A Prairie ABC, Sept 04 | Claudia McGehee’s Ode toTallgrass Flowers and Plants

BY CHERYL FUSCO JOHNSON

Illustrator Claudia McGehee. Photo by Michael Kreiser.

Eleven years ago, illustrator Claudia McGehee and her research scientist husband relocated from the Pacific Northwest to Iowa City. “One of the first things we wanted to do when we moved here,” Claudia reports, “was to connect with the Iowa landscape.” By way of explanation, she quotes Aldo Leopold, renowned among naturalists as the father of wildlife ecology: “If you know the landscape, you know the people,” she says. The couple explored their new environment by bicycling and by engaging in what Claudia calls “ a woodlands kind of trekking around."

“I’m a big gardener,” the artist says. “I also tried to integrate native plants in my garden.”

Cultivating native plants paid off when Claudia began working on her first picture book, A Tallgrass Prairie Alphabet, published this spring by the University of Iowa Press ($16.95, hardcover). On every page, this luminous ABC book features a plant, bird, or animal native to tallgrass prairies. “I definitely had an interest in the prairie,” the artist explains.

But she originally proposed a book focused generally on Midwest natural history. Press Director Holly Carver suggested narrowing the slant to tallgrass prairies. As Claudia explains, “Tallgrass prairie went all the way up to nearly the border of Canada and down to Texas. It was a great swath in the middle of the North American continent, but Iowa’s the only state that tallgrass prairie covered one hundred percent of at one point.”

Although she’d raised ironweed, queen of the prairie, and other native species, Claudia wasn’t an expert on prairies. However, with a B.S. in Anthropology from Central Washington University and a degree in graphic design from Seattle Central Community College, she knew how to study.

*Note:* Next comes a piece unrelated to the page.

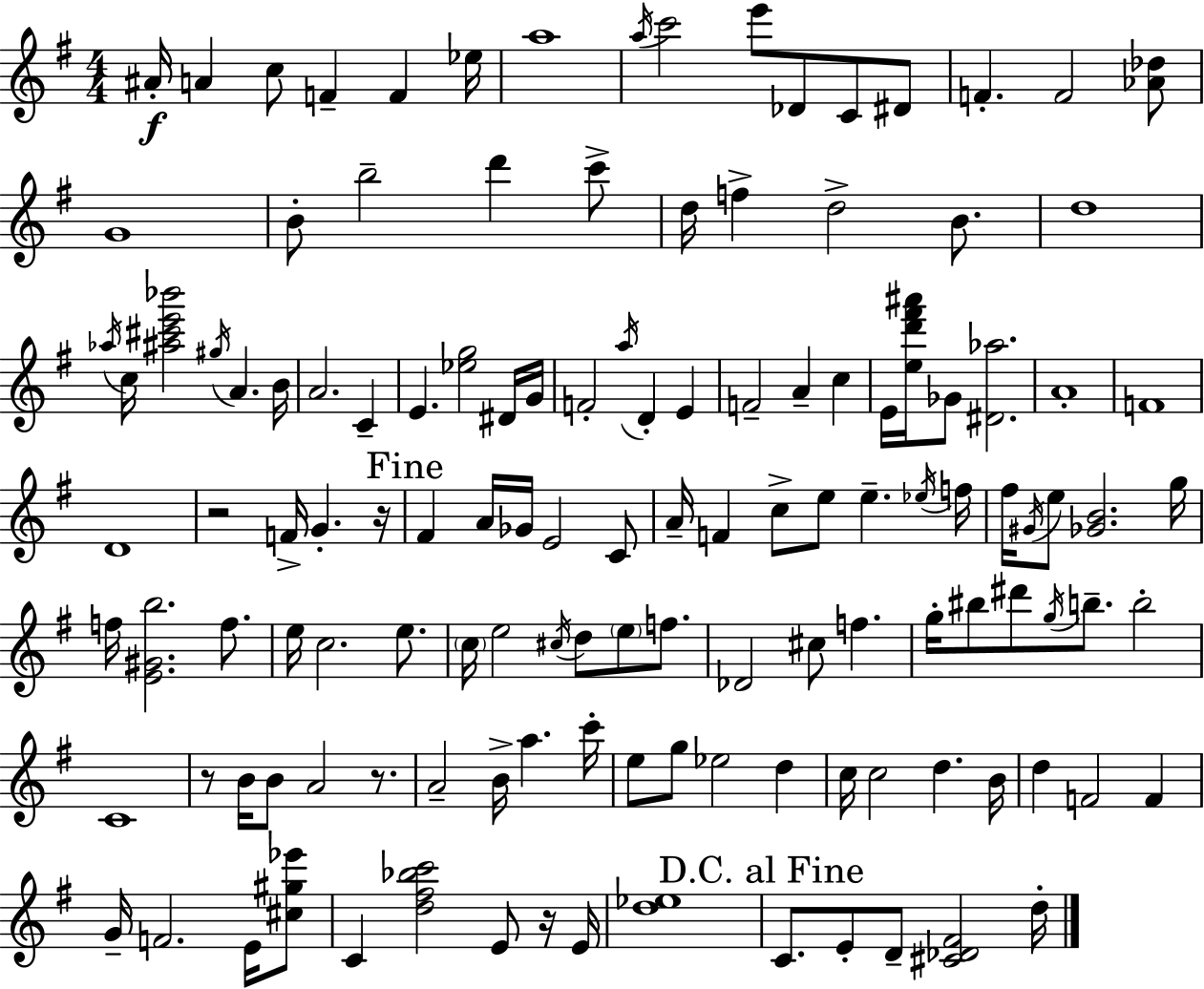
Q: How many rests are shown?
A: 5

For six months, Claudia studied tallgrass prairies. She read field guides and books like John Madson’s classic, Where the Sky Began: Land of the Tallgrass Prairie. She also talked to experts, who directed her to prairie reconstructions scattered around the state. Claudia visited the Neal Smith National Wildlife Refuge near Prairie City, the Herbert Hoover National Historic Site near West Branch, an oak savannah cemetery prairie in Rochester, and the Finkbine Prairie on the University of Iowa campus. At these sites, she took photos, made sketches, and hunkered down “to get the feel of tallgrass.”

Claudia also toured the University of Iowa Museum of Natural History, with its small reconstruction prairie and diorama of a tallgrass prairie. “The staff there is very good,” she says. “They dug out a 125-year-old dickcissel specimen so that I could look at and unfold the wings and make sketches.”

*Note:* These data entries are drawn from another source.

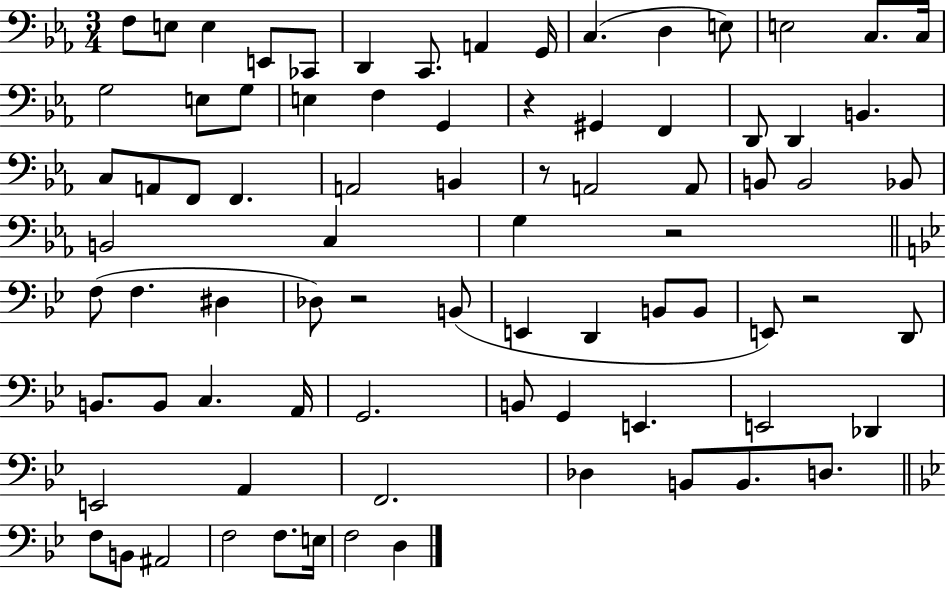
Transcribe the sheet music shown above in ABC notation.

X:1
T:Untitled
M:3/4
L:1/4
K:Eb
F,/2 E,/2 E, E,,/2 _C,,/2 D,, C,,/2 A,, G,,/4 C, D, E,/2 E,2 C,/2 C,/4 G,2 E,/2 G,/2 E, F, G,, z ^G,, F,, D,,/2 D,, B,, C,/2 A,,/2 F,,/2 F,, A,,2 B,, z/2 A,,2 A,,/2 B,,/2 B,,2 _B,,/2 B,,2 C, G, z2 F,/2 F, ^D, _D,/2 z2 B,,/2 E,, D,, B,,/2 B,,/2 E,,/2 z2 D,,/2 B,,/2 B,,/2 C, A,,/4 G,,2 B,,/2 G,, E,, E,,2 _D,, E,,2 A,, F,,2 _D, B,,/2 B,,/2 D,/2 F,/2 B,,/2 ^A,,2 F,2 F,/2 E,/4 F,2 D,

On some research jaunts, Claudia’s daughter, Lucy, accompanied her. “She’s probably one of the few five-year-olds in Iowa who knows what a dickcissel is,” Claudia says.

According to the “Prairie Notes” at the end of her book, a dickcissel is a colorful bird that resembles a miniature meadowlark. The sophisticated language of her book’s sparse text—which includes names like “regal fritillary” and “aromatic aster”—makes it more appropriate for older youngsters than for those learning their ABC’s. (The text fails author and former children’s book editor Jane Yolen’s X test: the X page sports a charming illustration of a large bug above the inscription “SphinX moth.”) Nevertheless, this book’s scientific accuracy will make it a treasured resource for teachers of natural history. Claudia’s panel of prairie experts helped her select the most appropriate species to depict in the book; only original species, rather than introduced varieties, are featured.

Claudia created woodcut-like, incandescent illustrations of the 26 featured species using old and new technology. She first carefully transferred hand-drawn images onto scratchboard—a white chalk-covered cardboard overlaid with black ink. Using an X-acto blade, she then painstakingly scratched away everything she wanted white and left other areas black. “This takes a long time,” she says. “It’s the old-fashioned way of doing things.”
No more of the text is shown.